Risk. A particular focus of the new requirements is the board’s role in overseeing risk, focusing on such matters as how the board administers its oversight function – for instance whether through the entire board, a separate risk committee, or the audit committee. Also, discussion of the company’s compensation policies or practices as they relate to risk management and risk-taking incentives that can affect the company’s risk and risk management. The release suggests also that companies may want to disclose how the board receives information from individuals with day-to-day management responsibilities.
Director Qualifications and Experience. Existing disclosure requirements are expanded to include, for each director and nominee, information leading to the board’s conclusion that the person should serve as a director of the company, focusing on such matters as the individual’s experience, qualifications, attributes, and skills.
Compensation. The rules call for revised reporting of stock and option awards in the summary compensation table and director compensation table, and disclosure of certain potential conflicts of interest of compensation consultants. Rather than reporting the dollar amount recognized for financial statement purposes for the fiscal year, the rules require reporting the aggregate grant date fair value of stock and option awards granted in the fiscal year, with special instructions for awards subject to performance conditions.
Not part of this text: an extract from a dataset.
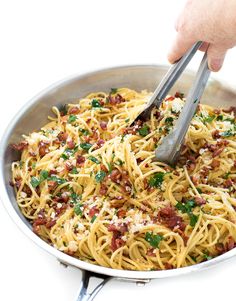 someone is using a fork to stir spaghetti in a pan with bacon and parsley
Board Leadership Structure. Disclosure is required about the board’s leadership structure, including why it is deemed best for the company and why it was decided to combine or separate the CEO and board chair positions. Also, where they’re combined, disclosure about whether a lead independent director is in place and its leadership role.
Other required disclosures relate to such matters as: Other board seats held by directors and nominees; how diversity is considered in identifying director candidates; and legal actions involving a company’s executive officers, directors, and director nominees.
There’s a lot here, and boards, corporate secretaries, governance officers and others who support the board’s activities will need to understand the new rules and effect compliance. For certain matters, such as requirements regarding risk, we can expect some companies to reconsider their risk management activities to ensure their substance is in line with desired disclosures.